Was anyone from the Northern Michigan part of the cast or crew?
Rebecca Reynolds: We have a couple of people from this area that ended up working on the film. One of them is Alexandra Zenn. She worked as our production office assistant and she did out extra castings for us. Drew McConnell, who is originally from Leland, also was an extra in the film and he stood in for the actors when they were being lit.
How did The Girl on the Train become a part of the Traverse City Film Festival?
Rebecca Reynolds: The Traverse City Film Festival is invitation only. They do have a mechanism on their website for getting your film to them. It’s not like submitting to a regular film festival where you submit applications. Larry, Jim and I have all worked in and around the Traverse City Film Festival since the beginning. I have been a juror, a moderator, a panelist. A highlight for me was on the 50th anniversary of To Kill a Mockingbird I got to introduce the film and conduct the Q&A with the young star of the film, Mary Badham, who played Scout.
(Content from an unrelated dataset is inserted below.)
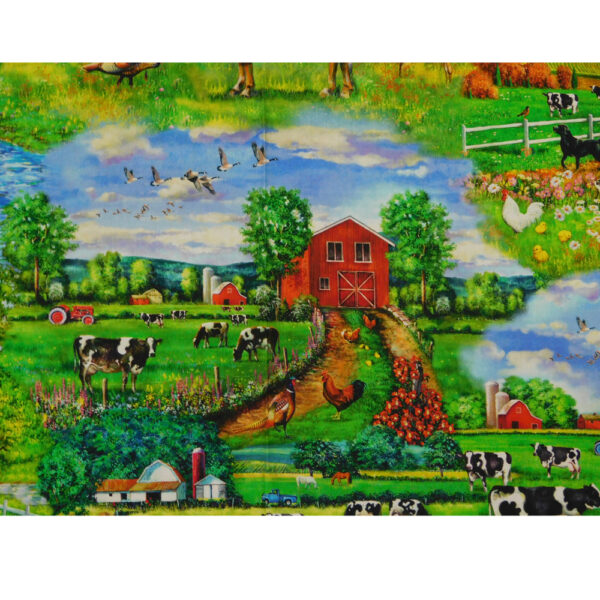 Patchwork Quilting Sewing Fabric DOWN ON THE FARM Panel 63x110cm New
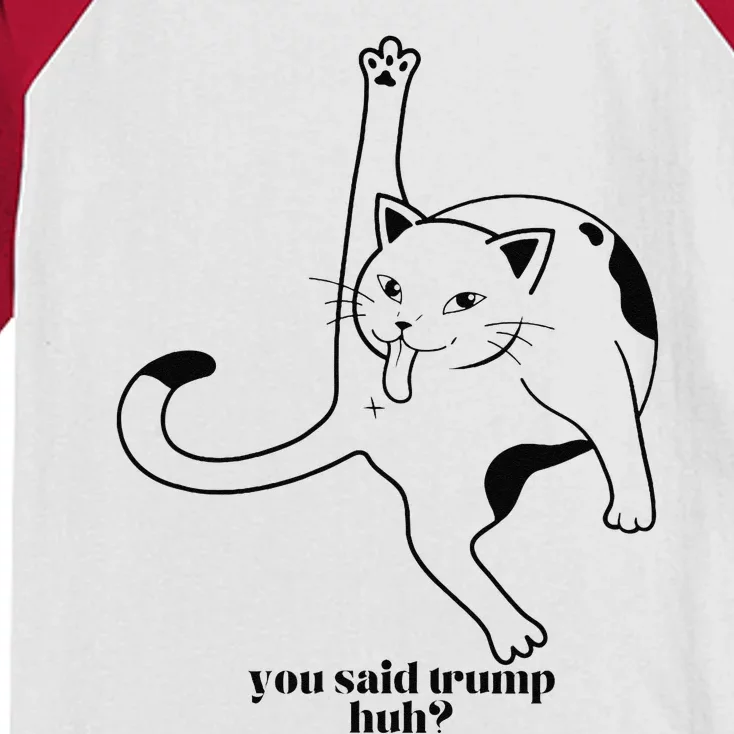 Trump And Cats So You Said Trump Cat Licking Kids Colorblock Raglan Jersey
Our first film, Christina premiered at the State at 2010. Michael Moore wanted it to be the week before the festival. It worked out very well for us. We had two back-to-back sold out screenings. And then he invited our comedy documentary, The Coexist Comedy Tour, to be in the February 2013 Winter Comedy Arts Festival.
So when this film was ready, which wasn’t until the 1st of May, we got it to them and we were thrilled to be invited. It’s a great thing for us because we love the festival and we are honored to be part of our hometown festival, which has this huge reputation now.
How do you think the Traverse City Film Festival has helped the Traverse City arts scene?
Jim Carpenter: I think it’s a huge influence. Michael and his team have just been absolutely amazing with everything they have done. It extends to every facet of the arts industry and even further than that — look at the restaurant world downtown. The whole downtown area, Front Street, has Michael to thank for what’s been happening there.
Rebecca Reynolds: The centerpiece film in this year’s festival is Elaine Stritch: Shoot Me. It’s by a first time director, Chiemi Karasawa. I do staff writing for this online film magazine called The Independent and I was assigned to write about Chiemi as part of a “10 To Watch in 2013” article. So in May, I was interviewing her over the phone and her film was in the Tribecca Film Festival, which everyone has heard of, in New York City. And she said “Will you be able to come see the film?” and I said, “Oh, I would love to but I’m in Northwest Michigan.” She asked, “Are you near Traverse City?.” And I said, “Yes, are you familiar with Traverse City?.” She replied, “No, but I would really like to get film in that festival.”
Now, Jim and I have both lived and worked in New York and LA and we used to have to do the whole explanation, pretty much explain that it wasn’t Minnesota or Wisconsin and then do the whole hand thing. And now her film is the centerpiece film. It’s amazing how much it has grown in the past nine years.
The Girl on the Train will be shown Wednesday July 31 at 9:00 a.m. at The Old Town Playhouse. Tickets for the film sold out on the first day of sales, during the “Friends of the Festival” ticket sales period. Tickets may be available by stand-by line only on the morning of the show. Reynolds hopes that a second showing may open up during the Festival but if not Reynolds and Carpenter are currently working on distribution of their film. They hope that one day, The Girl on the Train will be in a “theatre near you."